La designación del ministro Arturo Zaldívar como presidente de la Corte y la renuncia de la magistrada Janine Otálora Malassis como presidenta del TEPJF después de que votara por la validez de la elección en Puebla a favor del PAN enmarcan la llegada de quien será la nueva ministra. 

El Senado deberá decidir de entre las tres candidaturas presentadas por el presidente de la República, todas vinculadas a Morena o a su gestión gubernamental: la magistrada Yasmín Esquivel Mossa, presidenta del Tribunal de lo Contencioso Administrativo de la Ciudad de México, la académica Loretta Ortiz Ahlf y Celia Maya García, magistrada del Tribunal Superior de Justicia de Querétaro.

Las tres tienen una relación directa con el oficialismo. Esquivel Mossa es la esposa del empresario José María Rioboó, un contratista cercano al presidente desde que éste fue jefe de Gobierno de la Ciudad de México, entre 2000 y 2005. 

Ortiz Ahlf fue integrante del equipo de transición y es esposa de José Agustín Ortiz Pinchetti, secretario de Gobierno de López Obrador en el gobierno de la capital, uno de los autores de la Constitución Moral del gobierno federal y recién nombrado titular de la Fiscalía Especializada para la Atención de Delitos Electorales (FEPADE). 

Maya García buscó la candidatura de Morena al Senado por Querétaro y antes fue candidata del PRD al gobierno de esa entidad.

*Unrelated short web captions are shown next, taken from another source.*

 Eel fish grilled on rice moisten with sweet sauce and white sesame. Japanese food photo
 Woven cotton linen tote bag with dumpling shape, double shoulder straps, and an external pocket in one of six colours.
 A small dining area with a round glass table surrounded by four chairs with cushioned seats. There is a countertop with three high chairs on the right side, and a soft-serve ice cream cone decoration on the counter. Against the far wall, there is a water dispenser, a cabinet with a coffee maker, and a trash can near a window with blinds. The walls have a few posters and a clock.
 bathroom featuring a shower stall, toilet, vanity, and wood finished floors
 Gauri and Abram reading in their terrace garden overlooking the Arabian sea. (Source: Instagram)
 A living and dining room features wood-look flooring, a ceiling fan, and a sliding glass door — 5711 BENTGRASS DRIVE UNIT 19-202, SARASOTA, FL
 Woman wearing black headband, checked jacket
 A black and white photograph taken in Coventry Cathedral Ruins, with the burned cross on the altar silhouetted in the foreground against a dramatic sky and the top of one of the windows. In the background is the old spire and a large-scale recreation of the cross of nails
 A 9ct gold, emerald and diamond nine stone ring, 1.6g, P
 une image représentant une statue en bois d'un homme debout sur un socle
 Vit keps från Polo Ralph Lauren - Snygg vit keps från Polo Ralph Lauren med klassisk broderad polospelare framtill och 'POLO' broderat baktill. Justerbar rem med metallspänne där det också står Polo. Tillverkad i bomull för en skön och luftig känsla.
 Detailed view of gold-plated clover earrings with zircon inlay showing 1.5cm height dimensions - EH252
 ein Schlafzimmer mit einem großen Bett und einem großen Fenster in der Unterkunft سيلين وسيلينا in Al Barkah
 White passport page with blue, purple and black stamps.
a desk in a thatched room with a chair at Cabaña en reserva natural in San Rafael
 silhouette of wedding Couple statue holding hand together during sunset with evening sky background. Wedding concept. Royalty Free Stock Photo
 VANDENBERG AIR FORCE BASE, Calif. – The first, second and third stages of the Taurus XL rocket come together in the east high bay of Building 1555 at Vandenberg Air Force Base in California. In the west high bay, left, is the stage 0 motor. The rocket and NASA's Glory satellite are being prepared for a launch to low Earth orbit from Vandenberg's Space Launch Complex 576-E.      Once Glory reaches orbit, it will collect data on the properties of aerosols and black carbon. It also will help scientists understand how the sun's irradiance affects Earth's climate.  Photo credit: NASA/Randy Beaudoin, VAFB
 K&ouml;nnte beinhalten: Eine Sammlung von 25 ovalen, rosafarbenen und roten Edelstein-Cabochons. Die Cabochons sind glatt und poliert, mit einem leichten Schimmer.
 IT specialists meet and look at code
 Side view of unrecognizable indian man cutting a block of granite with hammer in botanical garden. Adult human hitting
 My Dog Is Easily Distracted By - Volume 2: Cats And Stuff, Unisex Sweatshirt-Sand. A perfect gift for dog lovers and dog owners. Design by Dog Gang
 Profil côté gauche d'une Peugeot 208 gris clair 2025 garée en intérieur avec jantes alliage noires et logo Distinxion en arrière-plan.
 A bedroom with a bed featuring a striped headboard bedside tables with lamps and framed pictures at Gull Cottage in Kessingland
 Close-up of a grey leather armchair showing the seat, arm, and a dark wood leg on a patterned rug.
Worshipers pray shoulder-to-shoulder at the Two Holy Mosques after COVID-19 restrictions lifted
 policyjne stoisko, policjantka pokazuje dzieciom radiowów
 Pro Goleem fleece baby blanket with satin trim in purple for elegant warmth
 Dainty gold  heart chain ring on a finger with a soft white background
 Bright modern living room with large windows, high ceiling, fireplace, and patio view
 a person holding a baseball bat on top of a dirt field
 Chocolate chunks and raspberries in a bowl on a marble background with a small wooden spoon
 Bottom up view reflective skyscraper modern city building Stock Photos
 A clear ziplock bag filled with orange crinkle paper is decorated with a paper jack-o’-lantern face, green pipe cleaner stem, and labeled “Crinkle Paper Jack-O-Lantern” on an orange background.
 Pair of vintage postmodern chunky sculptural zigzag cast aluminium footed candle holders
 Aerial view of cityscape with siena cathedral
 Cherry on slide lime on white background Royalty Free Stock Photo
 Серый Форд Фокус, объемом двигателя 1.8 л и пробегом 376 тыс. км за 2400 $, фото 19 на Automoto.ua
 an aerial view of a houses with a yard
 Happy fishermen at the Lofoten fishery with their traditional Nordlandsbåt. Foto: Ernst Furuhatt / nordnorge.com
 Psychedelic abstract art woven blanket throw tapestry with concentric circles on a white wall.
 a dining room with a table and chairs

Loretta Ortiz y Celia Maya también formaron parte de la primera terna presentada en diciembre pasado por el presidente López Obrador para ministro de la Suprema Corte. La designación recayó en Juan Luis González Alcántara Carrancá, cuyo primer acto como ministro de la SCJN fue favorecer la candidatura del ministro Arturo Zaldívar a la presidencia del máximo tribunal.

La defensa de AMLO

El lunes 4, el presidente López Obrador salió en defensa de su segunda terna para la SCJN. Ante las críticas por la estrecha cercanía de las candidatas, el presidente dijo que no hay ningún impedimento para que miembros de su partido, Morena, puedan ser postulados.

En efecto, en los requisitos establecidos en la Constitución para ser ministro no se condiciona la militancia o cercanía política con el presidente, pero López Obrador y el coordinador de la bancada de Morena en el Senado, Ricardo Monreal, han expresado severas críticas al funcionamiento del PJF. El senador y exgobernador de Zacatecas incluso ha propuesto iniciativas para reformar ese poder; entre ellas la rotación de los jueces y ministros, y el mecanismo de designación de los integrantes del Consejo de la Judicatura Federal (CJF), encargado de vigilar y administrar a los tribunales federales.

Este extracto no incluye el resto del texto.